Call it roughly 5% on average across the segment. That’s more than the under-1% you’d guess from asking prices alone — but it’s still less than 15% down over the last year, not a crash. The rule of thumb: the older and less expensive the aircraft, the better the values are holding; the newer and more expensive the aircraft, the more the value has dropped over the last year.
What a Crash Actually Looks Like
Worth being precise about what I mean. A real crash — like 2008–09 — is sudden and disorderly: values plunge almost overnight, financing dries up, buyers walk away from their deposits, and airplanes sit because there’s no one to buy them at any price. New business-jet deliveries fell nearly 34% in a single year, and it took years to climb back. What we have now is the opposite on every count — value drops of 15% or less, financing that’s tighter but still available, and airplanes that are still changing hands. That’s a soft, orderly market, not a crash.
Why Q2 got so quiet
A handful of things piled up at the same time. None of them is a disaster on its own, but together they explain why the phone has been ringing less.
Rates didn’t come down the way everybody expected. Oil shot past $110 a barrel after the conflict with Iran, inflation came roaring back, and the Fed stopped dropping rates — so financing an airplane still costs more, and that takes the urgency out of buyers. Financing also got tighter; the days of 100% loans with no money down are basically over, and lenders want bigger down payments.
The tax rush already happened, too: when the One Big Beautiful Bill brought back 100% bonus depreciation, it set off a mad dash to close before year-end, and a lot of the folks who’d have been shopping this spring already bought last winter. Plus, there are simply more airplanes to choose from now, which hands buyers options and pulls pricing power away from sellers.
So what should you do?
It depends on which side of the deal you’re on.

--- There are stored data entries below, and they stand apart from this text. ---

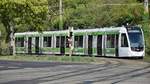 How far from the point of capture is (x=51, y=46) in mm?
60938

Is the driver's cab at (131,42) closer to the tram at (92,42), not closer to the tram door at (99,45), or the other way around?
the tram at (92,42)

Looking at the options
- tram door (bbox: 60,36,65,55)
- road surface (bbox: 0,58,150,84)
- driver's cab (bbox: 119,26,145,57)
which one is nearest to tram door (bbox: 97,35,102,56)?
driver's cab (bbox: 119,26,145,57)

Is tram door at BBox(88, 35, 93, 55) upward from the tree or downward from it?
downward

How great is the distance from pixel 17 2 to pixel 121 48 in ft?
36.9

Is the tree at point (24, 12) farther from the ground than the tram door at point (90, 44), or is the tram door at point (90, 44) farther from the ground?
the tree at point (24, 12)

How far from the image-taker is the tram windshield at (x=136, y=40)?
48750mm

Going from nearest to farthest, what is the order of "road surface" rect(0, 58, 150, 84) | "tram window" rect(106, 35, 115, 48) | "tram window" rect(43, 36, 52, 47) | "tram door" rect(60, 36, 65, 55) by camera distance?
"road surface" rect(0, 58, 150, 84) < "tram window" rect(106, 35, 115, 48) < "tram door" rect(60, 36, 65, 55) < "tram window" rect(43, 36, 52, 47)

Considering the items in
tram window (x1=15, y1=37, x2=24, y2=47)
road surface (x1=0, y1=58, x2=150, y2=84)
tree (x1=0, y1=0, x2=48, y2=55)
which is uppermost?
tree (x1=0, y1=0, x2=48, y2=55)

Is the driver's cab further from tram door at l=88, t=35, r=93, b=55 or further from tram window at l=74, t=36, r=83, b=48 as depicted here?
tram window at l=74, t=36, r=83, b=48

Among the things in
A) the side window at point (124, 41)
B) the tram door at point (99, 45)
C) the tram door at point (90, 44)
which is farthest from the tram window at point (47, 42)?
the side window at point (124, 41)

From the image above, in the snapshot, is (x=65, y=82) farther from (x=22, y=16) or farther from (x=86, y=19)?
(x=86, y=19)

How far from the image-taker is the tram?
48875mm

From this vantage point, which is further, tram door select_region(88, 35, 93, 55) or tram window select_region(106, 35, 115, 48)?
tram door select_region(88, 35, 93, 55)

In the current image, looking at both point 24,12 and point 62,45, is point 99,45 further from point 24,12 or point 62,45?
point 24,12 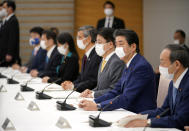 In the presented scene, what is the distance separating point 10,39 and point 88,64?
3.25m

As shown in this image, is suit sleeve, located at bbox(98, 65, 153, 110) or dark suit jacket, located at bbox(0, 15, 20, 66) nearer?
suit sleeve, located at bbox(98, 65, 153, 110)

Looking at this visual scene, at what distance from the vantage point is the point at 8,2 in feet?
24.6

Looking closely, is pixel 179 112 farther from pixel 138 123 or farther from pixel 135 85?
pixel 135 85

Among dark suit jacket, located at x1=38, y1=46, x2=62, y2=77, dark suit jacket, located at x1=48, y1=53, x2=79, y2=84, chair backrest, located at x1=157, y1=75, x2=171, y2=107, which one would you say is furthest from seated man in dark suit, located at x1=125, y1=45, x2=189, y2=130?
dark suit jacket, located at x1=38, y1=46, x2=62, y2=77

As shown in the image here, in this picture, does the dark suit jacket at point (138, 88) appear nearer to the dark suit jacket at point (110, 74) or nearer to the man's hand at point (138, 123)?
the dark suit jacket at point (110, 74)

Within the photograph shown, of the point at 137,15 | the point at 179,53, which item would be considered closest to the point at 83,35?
the point at 179,53

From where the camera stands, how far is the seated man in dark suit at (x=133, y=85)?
2.99 m

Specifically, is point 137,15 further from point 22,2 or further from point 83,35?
point 83,35

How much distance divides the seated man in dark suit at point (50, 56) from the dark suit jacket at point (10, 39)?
1.18 metres

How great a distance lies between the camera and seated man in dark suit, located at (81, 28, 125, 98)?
3620mm

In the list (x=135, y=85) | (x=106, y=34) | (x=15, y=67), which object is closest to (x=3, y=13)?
(x=15, y=67)

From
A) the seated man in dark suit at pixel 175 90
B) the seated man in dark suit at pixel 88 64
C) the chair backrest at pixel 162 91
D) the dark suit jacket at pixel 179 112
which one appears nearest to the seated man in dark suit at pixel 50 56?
the seated man in dark suit at pixel 88 64

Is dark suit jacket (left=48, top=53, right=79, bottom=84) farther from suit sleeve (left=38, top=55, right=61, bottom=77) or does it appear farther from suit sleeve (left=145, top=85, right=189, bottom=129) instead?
suit sleeve (left=145, top=85, right=189, bottom=129)

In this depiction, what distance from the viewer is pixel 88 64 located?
4.46 m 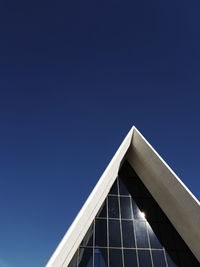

If you’re selling, price to today’s market — not the 2022 peak, and, unfortunately, not what you paid for the airplane. Realistically priced airplanes are still selling; the ones that sit are the ones chasing a number the market left behind. Keep your logs complete, stay current on inspections (don’t forget those 24-month IFR inspections!) and ADs, and present the airplane well. Have a thorough annual done before putting it on the market. Keep it clean and do whatever cosmetic or avionics fixes or upgrades you’ve been neglecting — you want it to show as well as possible, because there’s a lot of competition out there.
Re-dyeing the leather seats is a cost-effective way to spruce up the interior without replacing the seats. A good wash will certainly help the exterior. Glass in the panel always shows better than steam gauges, so even something simple like an Aspen upgrade, two Garmin GI 275s or G5s, or a 7-inch Garmin G3X will bring value to your airplane and make it show better — any of those are less than $10,000. If you do still have a Garmin 530W or 430W, consider changing them out for a newer Garmin or Avidyne IFD unit; Garmin won’t support the 530W/430W anymore. And Avidyne is quietly ending support for the Entegra system this fall — but the good news is the Avidyne Vantage panels are finally certified.
And if you can wait, give it some thought — the back half of the year is shaping up stronger. The fourth quarter is traditionally the best stretch for used sales, and now that bonus depreciation is permanent, that year-end push resets every fall.
If you’re buying, this is your window. Higher rates have thinned out the competition, there are more airplanes to pick from than there have been in years, and sellers are more willing to deal. If you’ve got cash ready or financing lined up, you’ve got leverage you didn’t have eighteen months ago. Be picky — buy the clean one with good records.
If you’re just holding, relax. There’s no reason to panic-sell. Most piston values are easing off slowly, not collapsing. Patience wins here.
The right move always comes down to your specific airplane, your timeline, and what you’re trying to accomplish. If you’d like a current valuation — or just an honest read on where your airplane sits in today’s market — give me a call. That’s what we’re here for.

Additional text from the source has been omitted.